● Task brief: What is needed is an exact reproduction of the lines from the one that contains "A nurse comforting" through the end of the data, both included and nothing else, with pictures omitted.

Short text fragments from websites

______

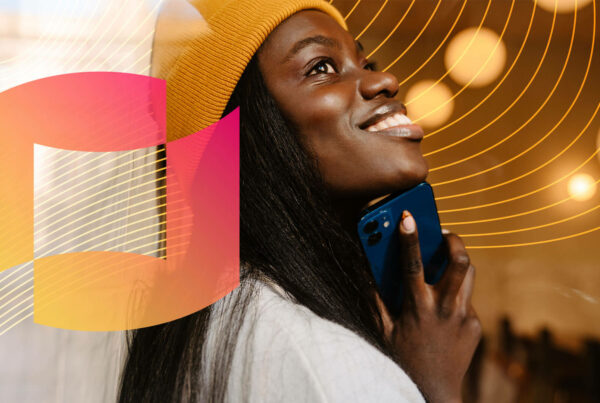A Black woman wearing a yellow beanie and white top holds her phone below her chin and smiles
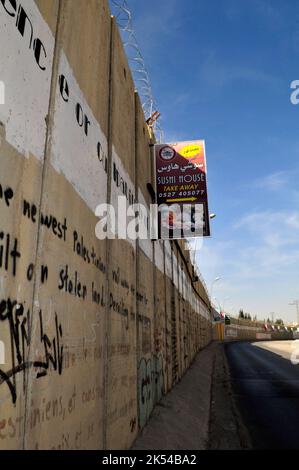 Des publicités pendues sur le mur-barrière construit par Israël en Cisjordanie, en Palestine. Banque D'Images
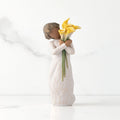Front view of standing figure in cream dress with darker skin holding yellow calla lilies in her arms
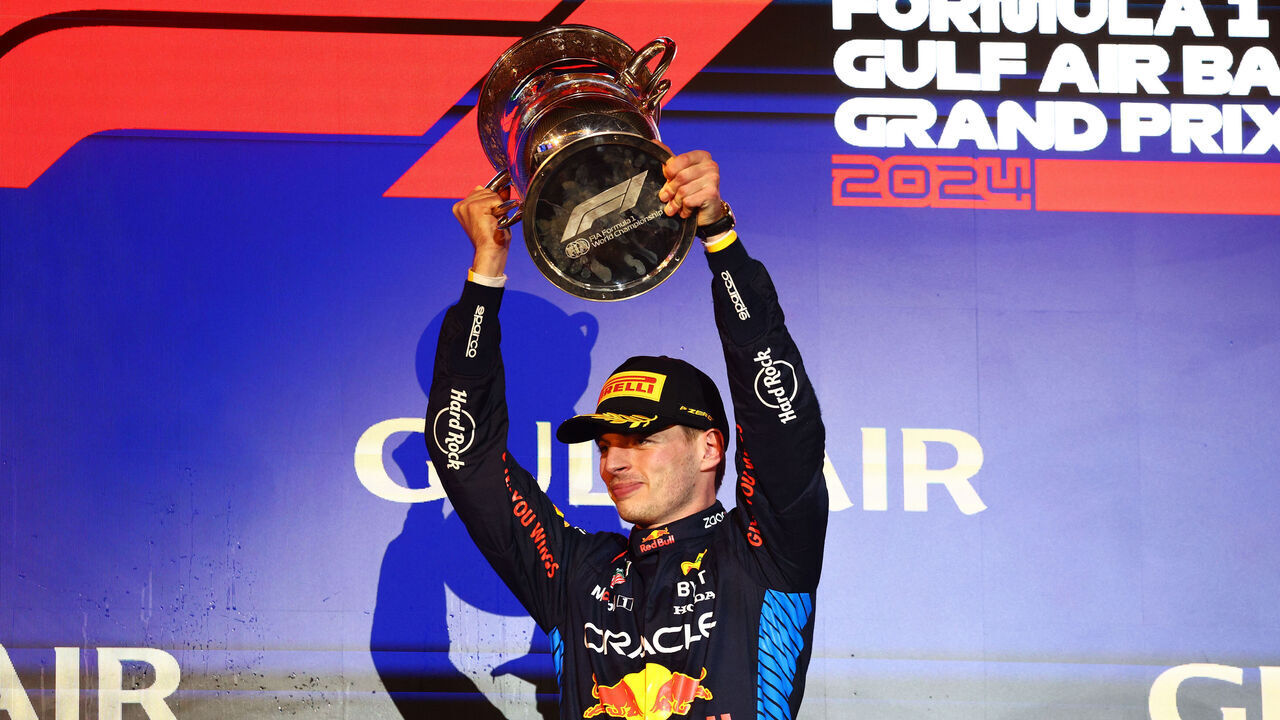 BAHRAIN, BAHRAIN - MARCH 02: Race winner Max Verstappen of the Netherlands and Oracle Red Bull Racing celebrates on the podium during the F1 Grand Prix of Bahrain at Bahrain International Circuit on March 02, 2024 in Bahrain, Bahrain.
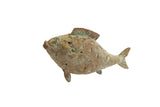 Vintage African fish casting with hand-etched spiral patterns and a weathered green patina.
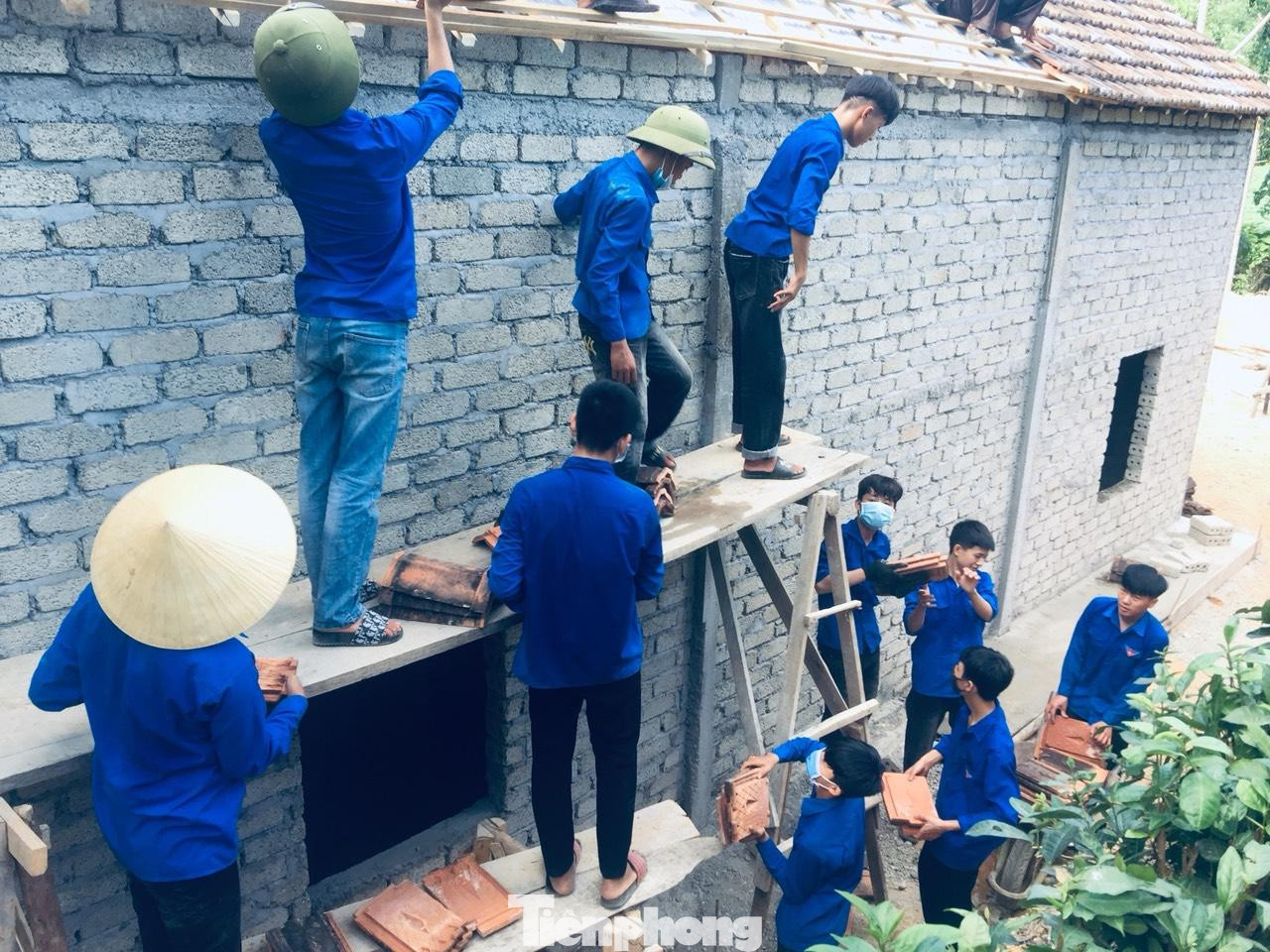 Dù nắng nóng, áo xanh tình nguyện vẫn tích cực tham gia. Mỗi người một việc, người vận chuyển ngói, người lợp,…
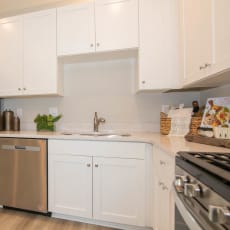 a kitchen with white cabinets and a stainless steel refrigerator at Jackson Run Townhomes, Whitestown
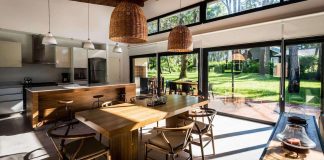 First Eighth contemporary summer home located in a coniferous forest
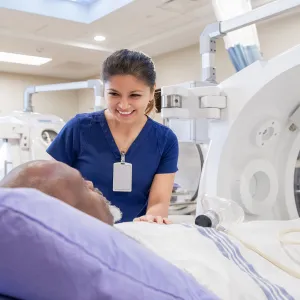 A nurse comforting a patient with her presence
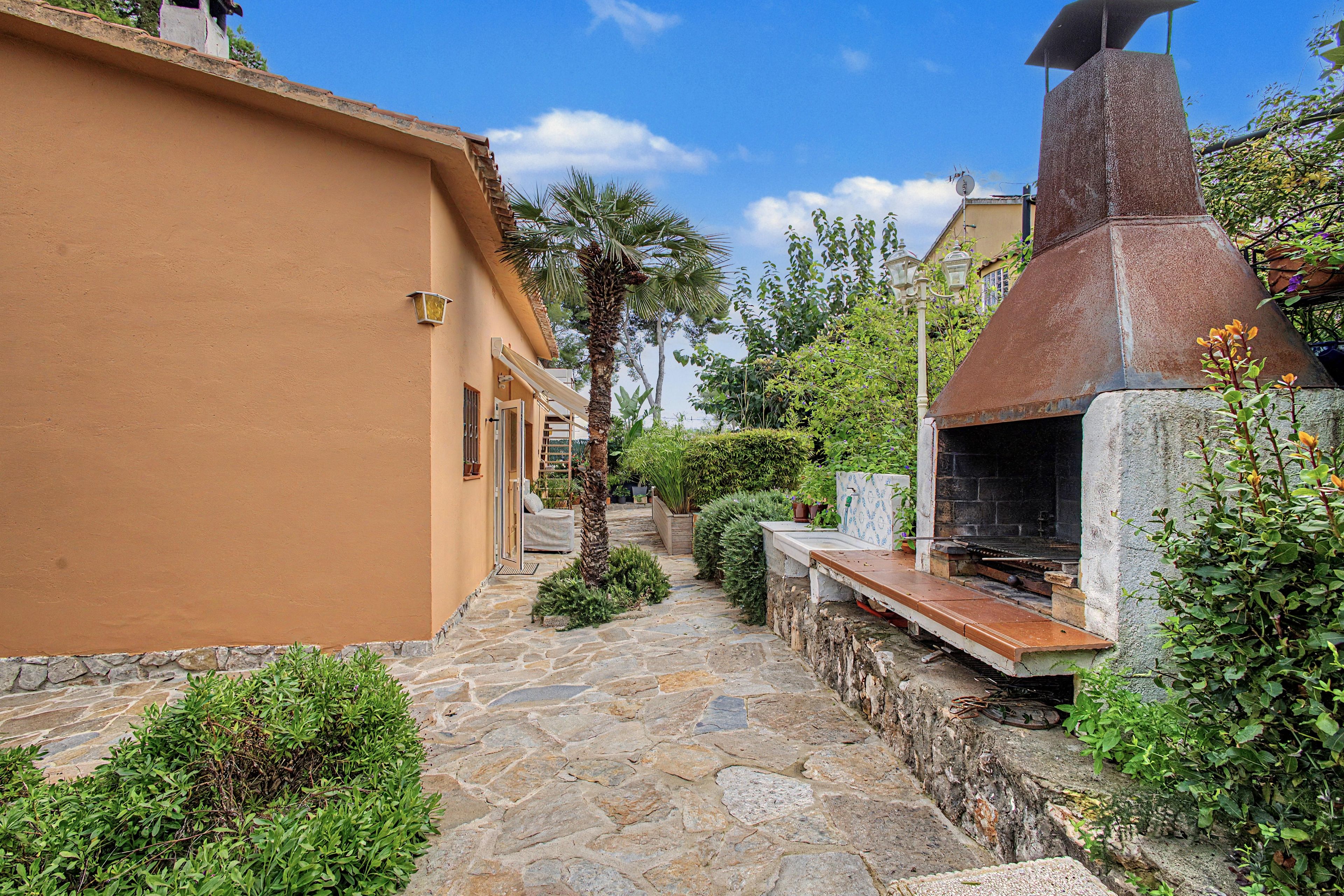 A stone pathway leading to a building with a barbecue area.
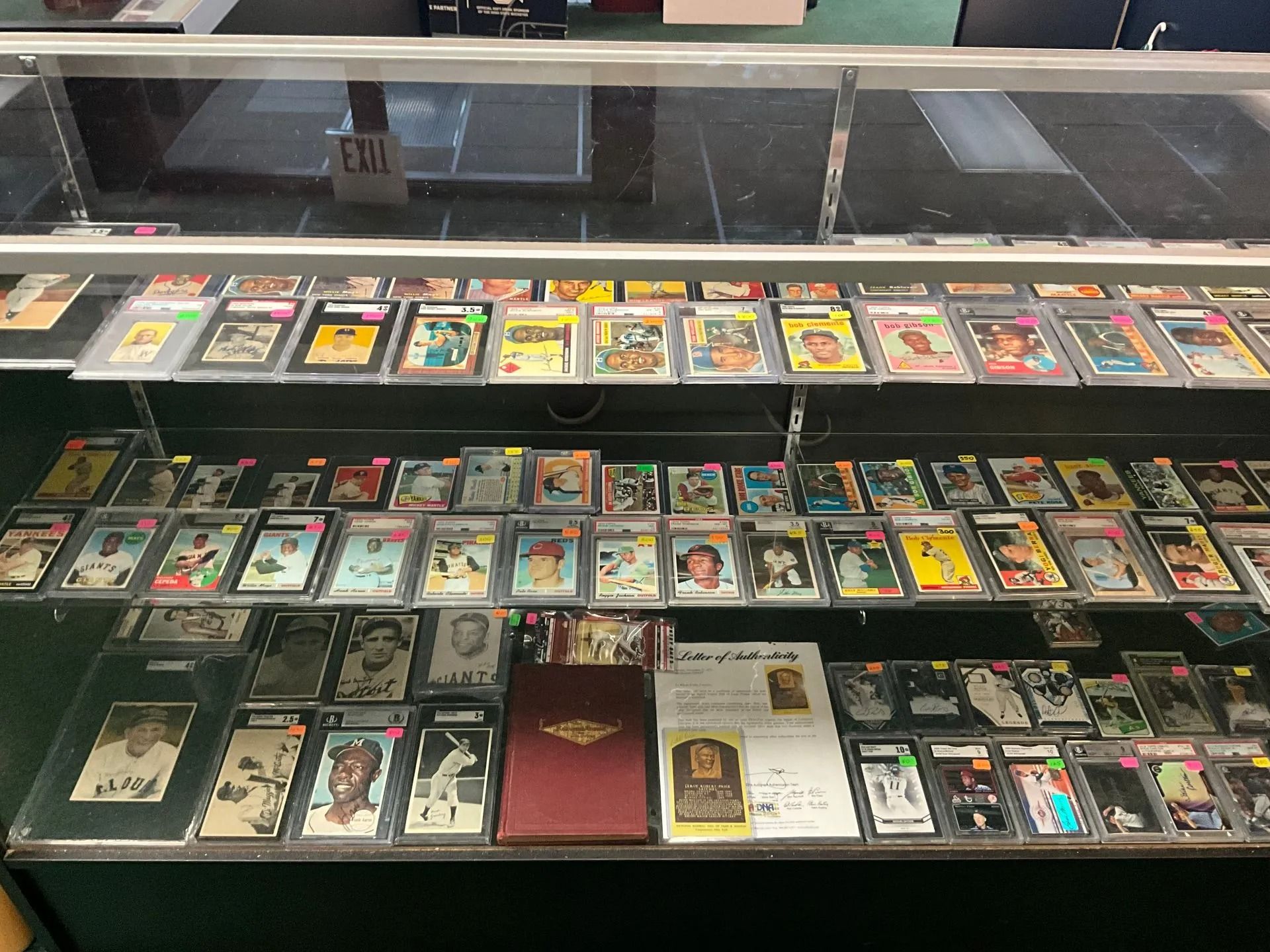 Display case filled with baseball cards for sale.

______

● Answer for the task:
 A nurse comforting a patient with her presence
 A stone pathway leading to a building with a barbecue area.
 Display case filled with baseball cards for sale.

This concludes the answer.